Participants included Ed Walsh, executive vice president of Black & Veatch’s global energy business; Larry Nichols, CEO, Devon Energy; Darryl Shoemaker, director, Power and Energy Sector, HDR Inc.; John Adams, senior vice president of Power Operations, Calpine; and Martin Boller, vice president Sales & Marketing, Alstom Gas Business.
A year ago our roundtable participants used the term “pockets of opportunity” to describe a still-recovering market for new gas-fired generation. Is the demand for new gas-fired generation any broader than it was a year ago?
Ed Walsh: We think it is broader. Black & Veatch has done an energy market forecast which projects our generation demand for natural gas will grow about 2.6 percent year over year between now and 2035. Along with that, we also think that by 2035 natural gas will account for almost 40 percent of the nation’s energy mix, which would be a doubling of where it is today at about 20 percent. Part of the reason we are encouraged and bullish by those statistics is that if you look at the summer peaks that we reached last year, there were a lot of regions whose peaks were very close to what we saw in 2006. To us, that indicates a potential end to the period where we actually lost load growth. We think that’s positive for the industry.
Larry Nichols: It’s been a dramatic change during the last three years as utilities became aware of this incredible resource that we’ve developed. Hardly a week goes by that you don’t see a utility announcing that they’re going to build a new gas-fired plant or due course to convert a coal-fired plant to gas.
Martin Boller: Looking at a more global perspective, we believe there will be significant growth of gas from its load in 2010 over the next years to come back to pre-crisis levels in the next three to five years and then grow further. There are, of course, many drivers on this side. With GDP growth in electricity for the developing economies, we see a significant growth coming back already from the pre-crisis levels, particularly in the Middle East and in Asia. Certainly North America and Europe, particularly, are lagging behind with lower GDP growth for the last three years. And energy demand in these markets is still below pre-crisis level. It will be a while before European market demand revives.

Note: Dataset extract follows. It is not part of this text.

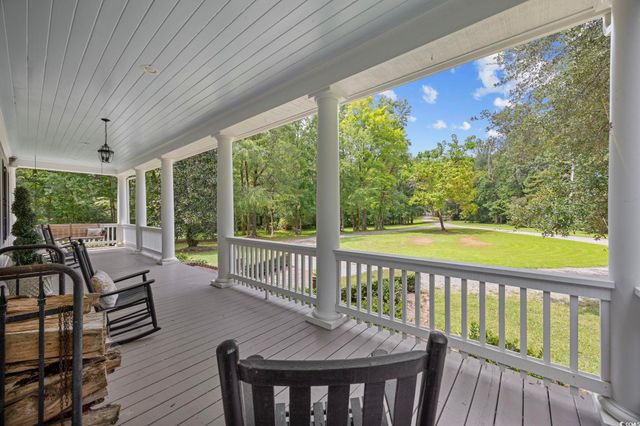 3750 Highway 813, Conway, SC 29526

In North America we see the replacement of coal-fired capacity as one of the most important drivers for the years to come, making it a very promising market for gas.

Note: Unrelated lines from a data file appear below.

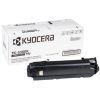 Тонер-картридж Kyocera TK-5380K 13K (1T02Z00NL0)
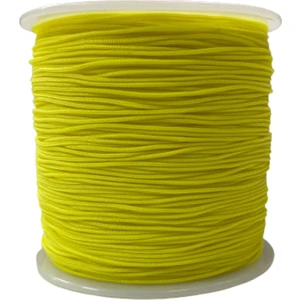 Paraşüt Ipi 0,8 mm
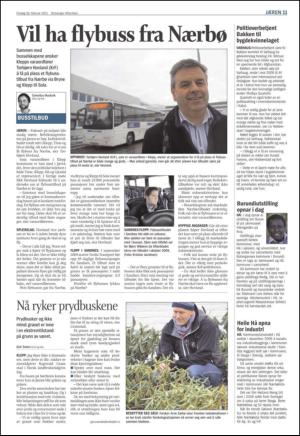 aftenbladet_del2-20110218_000_00_00_011.pdf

Darryl Shoemaker: Often the term “dash to gas” is used in the industry and it strikes me it’s been more of a stroll than a dash. Some of that is because of the continued economic uncertainty that’s out there, from utilities getting a little more comfortable with the price volatility. Certainly the recent events in Japan aren’t going to help that outlook in the short-term. The other factor we see in North America is the Boiler MACT (EPA rules involving maximum achievable control technology). It’s also creating a certain amount of demand in campus settings from central energy facilities and associated conversions. There’s certainly been a notable increase in activity.
John Adams: Calpine focuses on the North American market. We have seen a turn where the demand for power has started to increase. As a matter of fact, we had a 3 percent increase in generation last year in comparison to the year before. It looks like we’ve hit the bottom and we’re coming back out of it.

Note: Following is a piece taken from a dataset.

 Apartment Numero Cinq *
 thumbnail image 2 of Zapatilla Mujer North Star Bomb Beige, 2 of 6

The one thing I would say for North America in particular is that it’s still very regional. When you get out to California, the forecast for the need for new generation is quite a ways out. On the other hand, they have a problem where they’re working with renewable integration and how can you manage adding new renewable power and manage the peaks and the valleys?
In Texas, for another example, the margins of capacity are getting to the point that in the next few years there will be a need for new power. In the eastern U.S., in particular, we see rules that have come in that will cause some of the plants to close. That gap will be filled with new gas, both in the east and the southeastern part of the U.S.
It’s a little different region to region, but it looks like we’re through the bottom and this is the beginning of the upward trend in North America.
Unconventional natural gas from shale and tight sand formations could be a game-changer for the industry. One wild card is environmental rules that could affect exploration and production companies. What model would you point to as appropriate to balance health and safety issues with ongoing resource development?
Nichols: There is no doubt that the resources we’ve discovered from natural gas are clean, abundant and here in the U.S. That is a great threat to environmentalists that want to develop alternate energy sources since they’re dramatically more expensive than natural gas. One effort they’ve been trying to do is giving the federal government control of all onshore drilling just as the federal government has control of offshore drilling. One has to only look at the state models that have been in existence for decades to see that the models we have are working perfectly accurately. Our industry has pointed out that hydraulic fracturing has been used for 60 years in well over a million wells and no one has been able to point to a single well where hydraulic fracturing has caused any problem with groundwater. We’ve said that in testimony before Congress; we’ve said that repeatedly over the last few years. And no one has ever come back to refute that. The model is there. Each of the states, whether run by Republican or Democratic governors, have been adamant in saying that the models we have are working. Show us the problem.
Shoemaker: It’s pretty obvious that the unconventional plays have already become a game changer. In the same way the market underestimated the market potential, in a lot of ways now they are overestimating resource recovery and that’s due in fact to what was just cited: the potential environmental concerns. Whether justified or not, you don’t often let a good story get in the way of the facts.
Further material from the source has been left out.